▸ **INFORMATION**:
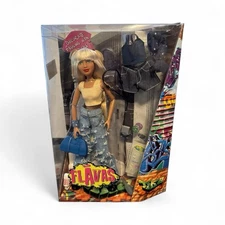 Mattel Flavas Tika Doll 2002 Blonde Urban Style NIB Damaged Box Never Opened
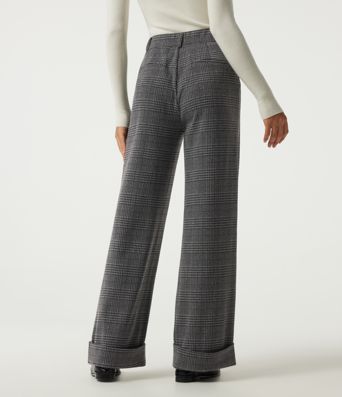 High Waisted Wide Leg Casual Pants with Pockets High Waisted Wide Leg Casual Pants with Pockets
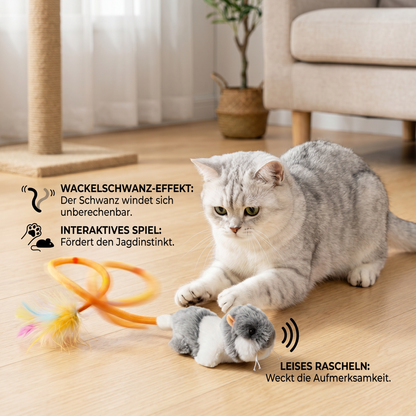 Katzenspielzeug Wackelschwanz-Maus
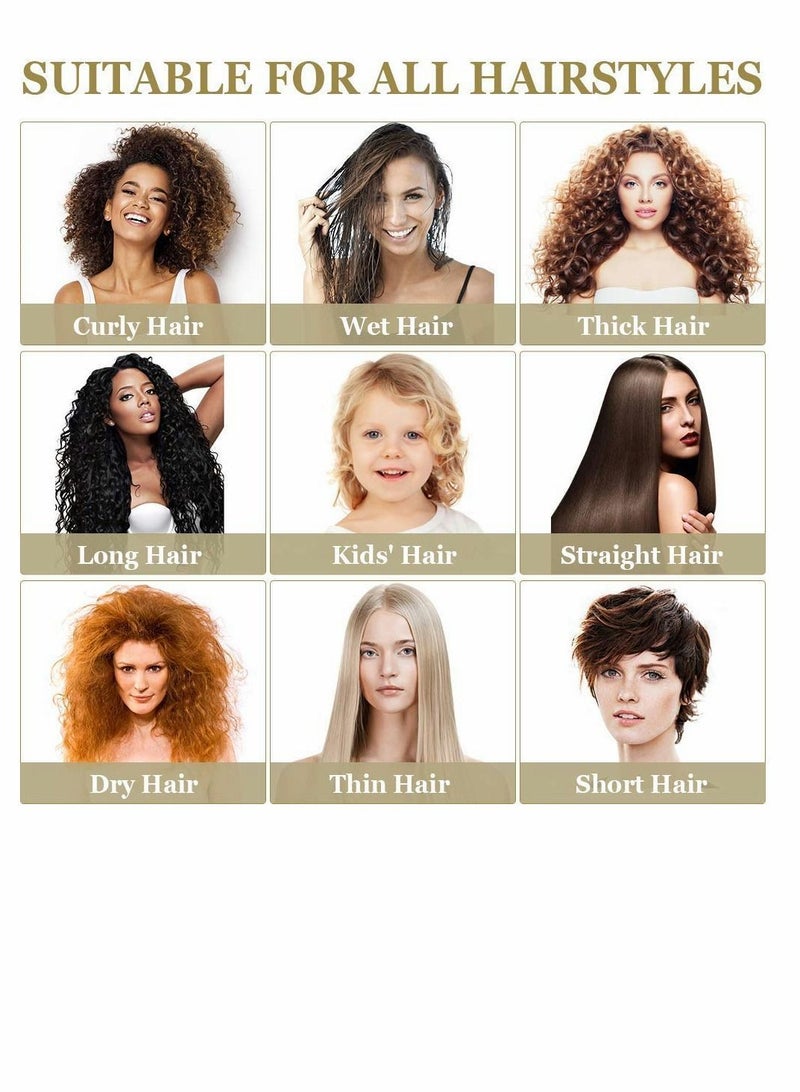 Y&D 2 Pieces Detangling Brush for Afro America African Hair Textured - Image 5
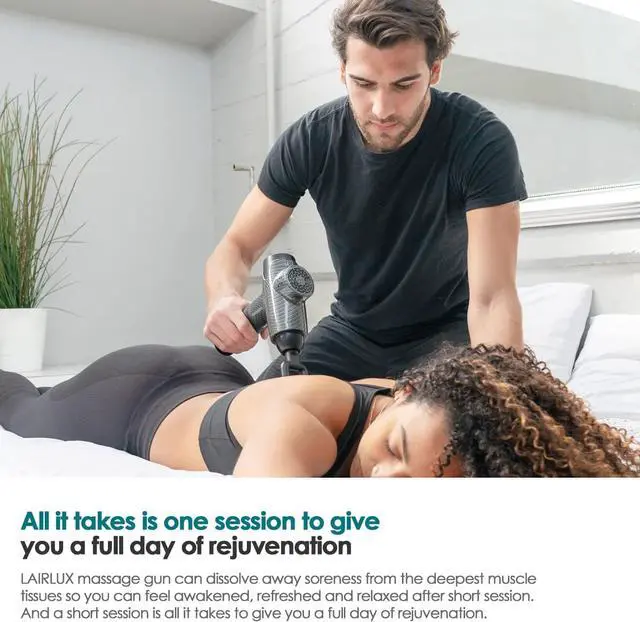 Alt view image 3 of 7 - LAIRLUX Massage Gun - Deep Tissue Massager Gun for Muscle Fatigue Relief - Percussion Massage Gun - Model EM-03Pro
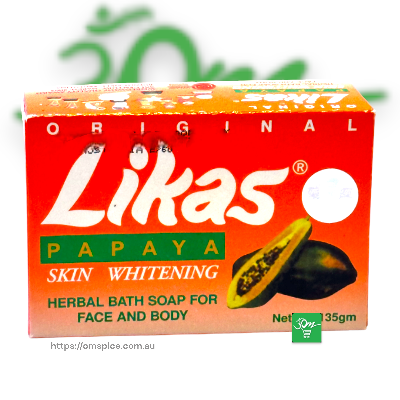 Likas Papaya Skin Whitening Soap - Buy Online Australia | Om Spice & Grocery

▸ **PROBLEM**:
Your answer must restate the entries word for word and contain no pictures.

▸ **EXPECTED OUTPUT**:
 Mattel Flavas Tika Doll 2002 Blonde Urban Style NIB Damaged Box Never Opened
 High Waisted Wide Leg Casual Pants with Pockets High Waisted Wide Leg Casual Pants with Pockets
 Katzenspielzeug Wackelschwanz-Maus
 Y&D 2 Pieces Detangling Brush for Afro America African Hair Textured - Image 5
 Alt view image 3 of 7 - LAIRLUX Massage Gun - Deep Tissue Massager Gun for Muscle Fatigue Relief - Percussion Massage Gun - Model EM-03Pro
 Likas Papaya Skin Whitening Soap - Buy Online Australia | Om Spice & Grocery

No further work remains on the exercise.